First, Williams’s story drives home the idea that different characterizations emerge from a given set of circumstances. I don’t struggle here with the question whether these characterizations somehow reflect the “essence” of the circumstances or are simply the result of perception differences. What is important to my project is Williams’s suggestion that different perspectives on the same occurrences are an unavoidable part of life.12 Her story goes even further, however, by valuing the ability to perceive the different perspectives. She thus sees characterization as both a phenomenon (part of the nature of things) and a skill (a process).

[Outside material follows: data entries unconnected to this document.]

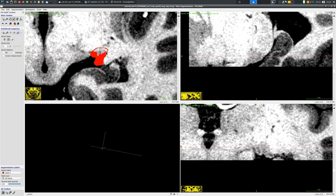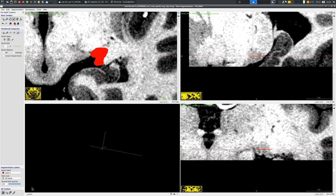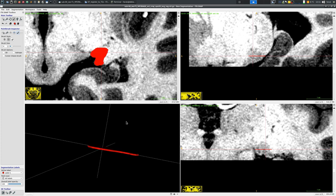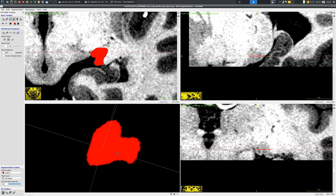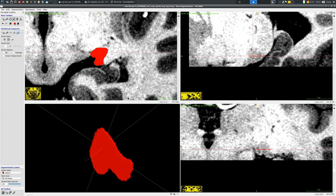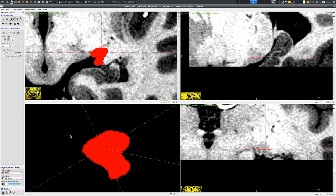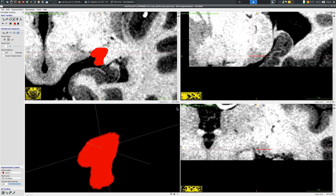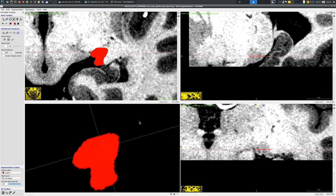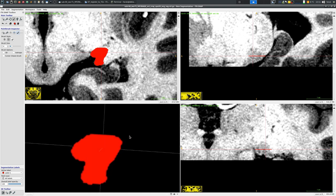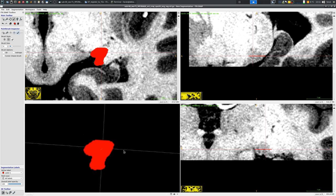Now I selected a circular brush with a decent size, six voxels in diameter I believe, and now I'm going to basically go through slices and then start labeling my subcortical structure. One important and useful panel is the fourth panel that you see on the lower left part of the screen where you can basically immediately 3D render your segmentation.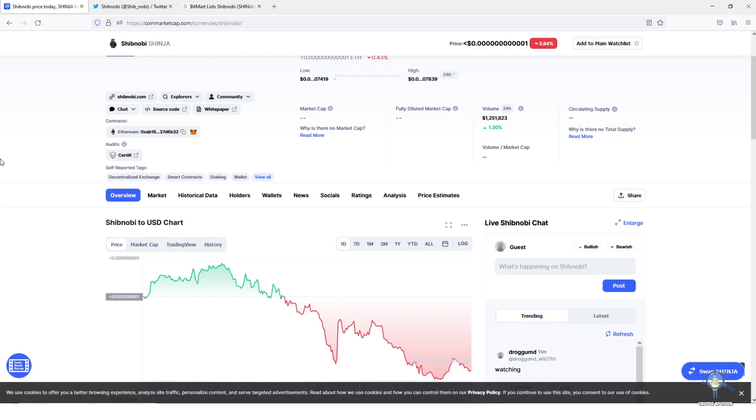Hi guys, welcome back to CryptoSpotter. In this video we are going to talk about Shibnobi also known as Shinja.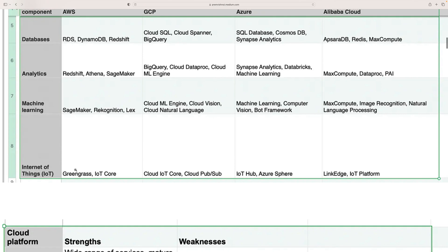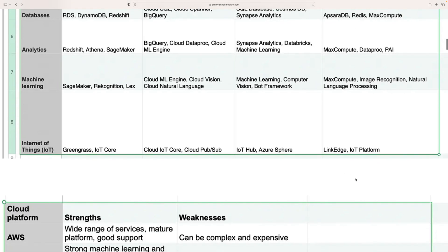For IoT — Internet of Things — AWS uses Greengrass and IoT Core. GCP's equivalent is Cloud IoT Core and Cloud Pub/Sub. Azure uses IoT Hub and Azure Sphere. AliCloud uses the Link IoT Platform.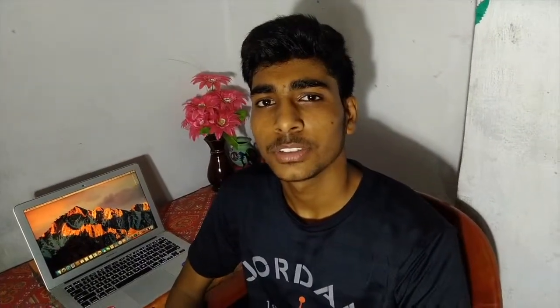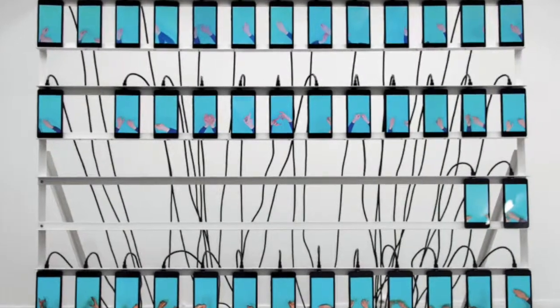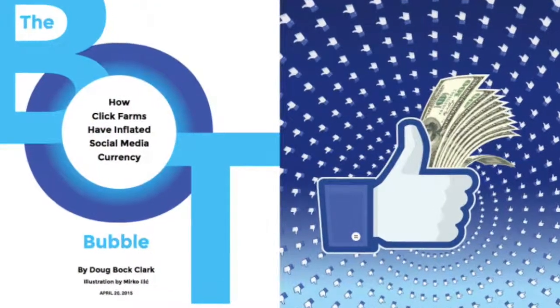In a click farm, a large number of low-paid workers are working there. They all have mobile phones and laptops with active SIM cards, and they follow your Instagram account, like your Facebook photos — whatever you want. Thousands of workers follow you in less than a minute, giving you your desired number of followers very quickly.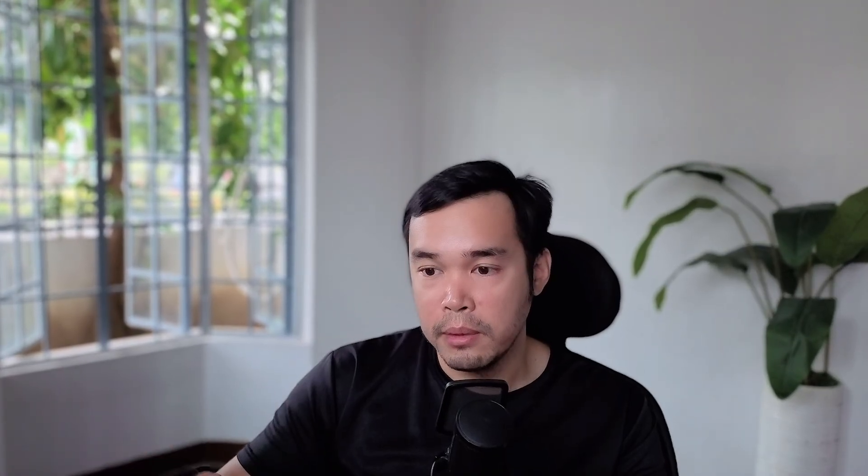Lesson nine: sometimes I come across great looking images and want to recreate them, but really don't know how to describe them. The good news is AI models now have great vision capabilities and can analyze almost any image. So lesson nine is to reverse engineer images using AI — just take an image you like, upload it to ChatGPT or Claude, ask them to describe it, and then deconstruct that description to create a prompt.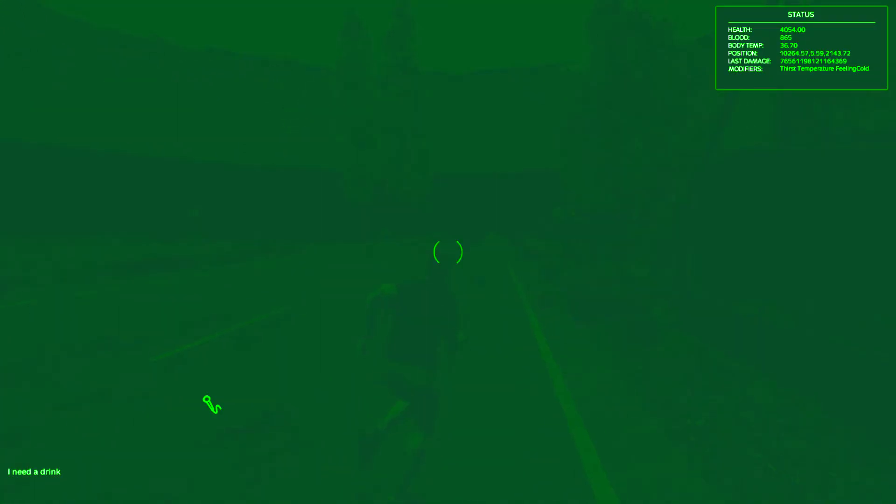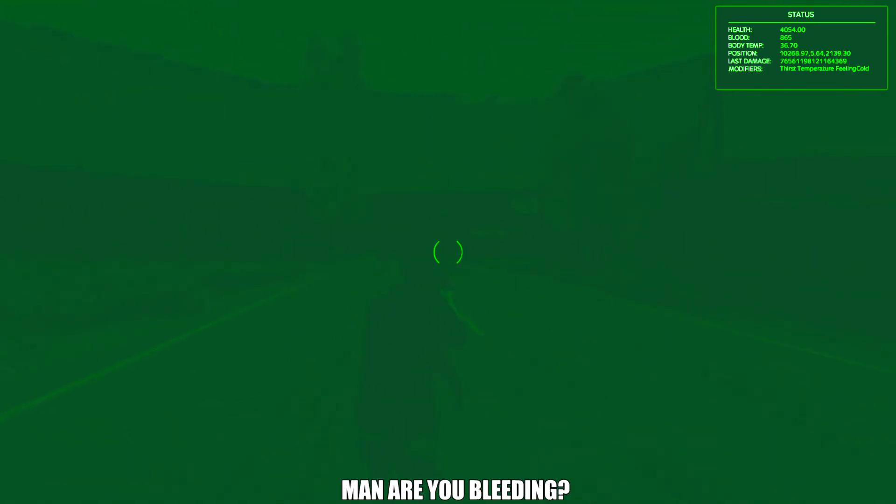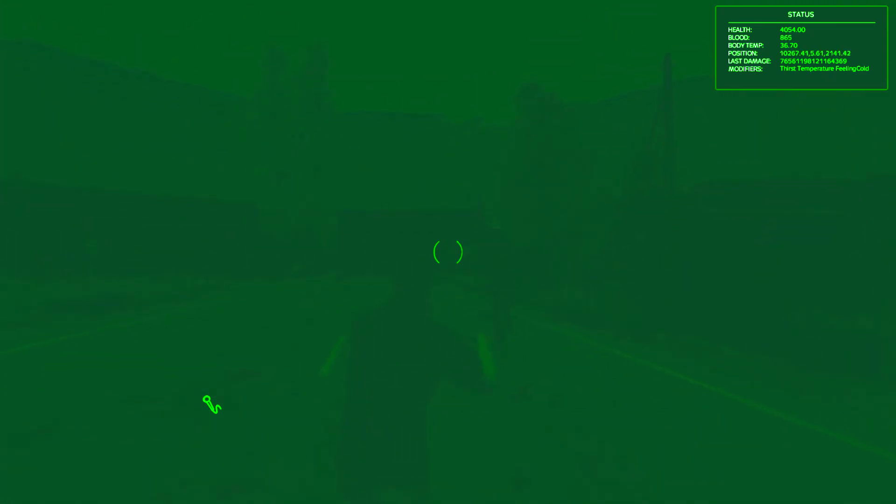You took my pants off? What the fuck is wrong with you? I just realized you took my pants off. What the fuck, dude? Man, are you bleeding? Yes, I'm bleeding to death. I'm about to die in like two seconds. I have no blood left.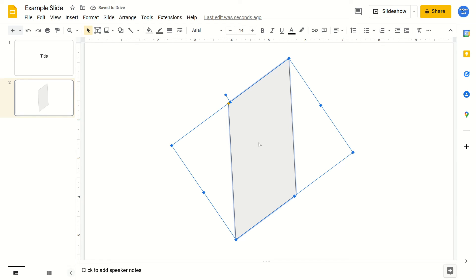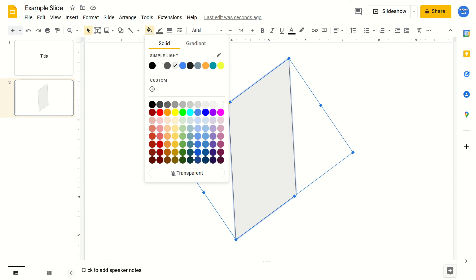And when you have the shape selected, if you come to the top and look for this icon right here — when you hover over it, it says Fill Color. You can click on this and change the color of the shape to whatever you would like.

Mindful of this complexity, I begin this part by exploring precisely what I mean by “characterization” and by probing different examples.

Williams’s story also holds out hope that we can develop and sharpen our ability to perceive different characterizations or viewpoints. In the second section of this part, I draw on this hope, expounding models for developing new views and perceptions of a given set of circumstances. Finally, I conclude this part with a few guidelines for an advocate deciding which characterization among several serves her ultimate goal.

A. Characterization: A Description

Williams’s story differs from my opening story in one noteworthy respect: the operative characterization takes place at a different point in the dispute’s structure. My husband’s characterization occurred at the foundational level of our dispute, focusing on the formulation of the problem between us. The Williams sisters appeared to agree on the problem’s formulation (that is, what was the color of the road?) and instead disagreed only on the problem’s answer. Despite this difference, the two stories both illustrate that people can derive different perceptions from the same set of facts or circumstances. The term characterization embraces the many possible permutations on this process of developing and appreciating different perceptions.

1. Constructive and Destructive Characterization

Characterization includes both constructive and destructive forms of argument. Constructive characterization presents a fresh angle on a given set of facts, an angle that differs from one’s opponent’s.13 Destructive characterization is an attack technique focusing on the opponent’s presentation and showing why the presentation is unworthy of credit. Most, if not all, characterizations include both constructive and destructive elements. For example, the wordplay between Pat Williams and

her sister is a predominantly constructive interchange, since the sisters offered two different views of the same phenomenon: the street is black versus the street is purple. Yet the interaction also included destructive elements, since the assertion that the street is purple implicitly denies that it is black. Sometimes an attack is even more difficult to pigeonhole as predominantly constructive or destructive. For example, my husband’s characterization in our division-of-labor dispute is destructive because it casts my approach as immature and harmful to our marriage. On the other hand, his argument is constructive because it proposes a new angle on the dispute, suggesting that we should concern ourselves with nourishing a mature human relationship, not keeping track of who does what around the house. (Of course, even from this perspective, the constructive characterization has destructive undercurrents to the extent that it rejects my original perspective on the dispute or can be interpreted as a disrespectful power play.)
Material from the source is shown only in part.